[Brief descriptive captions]
══════
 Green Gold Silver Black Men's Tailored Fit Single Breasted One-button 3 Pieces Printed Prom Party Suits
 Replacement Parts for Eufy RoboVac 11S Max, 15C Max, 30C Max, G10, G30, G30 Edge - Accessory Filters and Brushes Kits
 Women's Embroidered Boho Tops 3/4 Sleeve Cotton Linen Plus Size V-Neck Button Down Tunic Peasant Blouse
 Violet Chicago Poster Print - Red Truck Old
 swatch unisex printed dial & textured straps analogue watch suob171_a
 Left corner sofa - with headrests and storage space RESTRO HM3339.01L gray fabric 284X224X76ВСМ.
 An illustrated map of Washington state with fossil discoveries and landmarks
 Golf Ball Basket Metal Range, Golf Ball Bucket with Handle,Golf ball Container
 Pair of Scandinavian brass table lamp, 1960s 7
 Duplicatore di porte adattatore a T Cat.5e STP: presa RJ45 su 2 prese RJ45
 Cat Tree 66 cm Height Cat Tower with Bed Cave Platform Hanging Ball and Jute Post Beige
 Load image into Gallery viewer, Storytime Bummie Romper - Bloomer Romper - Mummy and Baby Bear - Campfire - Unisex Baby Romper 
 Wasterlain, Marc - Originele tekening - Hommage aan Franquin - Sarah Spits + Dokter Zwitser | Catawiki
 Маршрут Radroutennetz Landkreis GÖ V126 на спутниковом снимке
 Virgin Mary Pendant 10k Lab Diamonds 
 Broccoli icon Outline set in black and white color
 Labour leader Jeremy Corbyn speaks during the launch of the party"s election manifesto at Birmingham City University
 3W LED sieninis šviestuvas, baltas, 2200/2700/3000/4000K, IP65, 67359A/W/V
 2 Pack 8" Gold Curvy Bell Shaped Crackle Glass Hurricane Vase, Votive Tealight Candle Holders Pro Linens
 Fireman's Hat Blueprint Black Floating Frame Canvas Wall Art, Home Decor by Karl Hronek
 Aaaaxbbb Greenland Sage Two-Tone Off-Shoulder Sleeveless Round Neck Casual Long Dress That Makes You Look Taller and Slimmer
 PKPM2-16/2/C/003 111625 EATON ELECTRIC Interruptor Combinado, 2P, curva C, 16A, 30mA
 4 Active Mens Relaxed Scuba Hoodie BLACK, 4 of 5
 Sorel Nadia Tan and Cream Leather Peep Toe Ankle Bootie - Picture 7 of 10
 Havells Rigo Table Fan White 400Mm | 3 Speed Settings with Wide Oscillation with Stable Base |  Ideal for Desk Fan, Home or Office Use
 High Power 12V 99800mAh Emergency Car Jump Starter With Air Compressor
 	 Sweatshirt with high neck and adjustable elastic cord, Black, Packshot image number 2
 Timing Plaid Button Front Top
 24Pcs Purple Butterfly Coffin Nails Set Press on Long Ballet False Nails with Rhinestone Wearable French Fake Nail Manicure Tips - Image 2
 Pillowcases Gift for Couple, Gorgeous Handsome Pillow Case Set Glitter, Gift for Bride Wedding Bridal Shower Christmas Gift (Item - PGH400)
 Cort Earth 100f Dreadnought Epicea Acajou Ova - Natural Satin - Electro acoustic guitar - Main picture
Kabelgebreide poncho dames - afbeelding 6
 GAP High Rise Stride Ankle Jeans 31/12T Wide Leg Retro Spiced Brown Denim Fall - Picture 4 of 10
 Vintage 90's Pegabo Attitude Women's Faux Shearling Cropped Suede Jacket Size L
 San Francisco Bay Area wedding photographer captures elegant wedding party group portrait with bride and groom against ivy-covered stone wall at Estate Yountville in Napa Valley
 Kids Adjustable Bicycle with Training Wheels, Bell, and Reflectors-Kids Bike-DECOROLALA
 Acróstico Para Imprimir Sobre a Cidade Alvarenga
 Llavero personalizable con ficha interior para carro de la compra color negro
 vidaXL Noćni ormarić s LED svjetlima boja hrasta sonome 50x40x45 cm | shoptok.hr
══════
EXERCISE DETAILS » Considering the records line by line, how many lines hold the string "Gold"? Say only the number.

PROBLEM SOLUTION » 2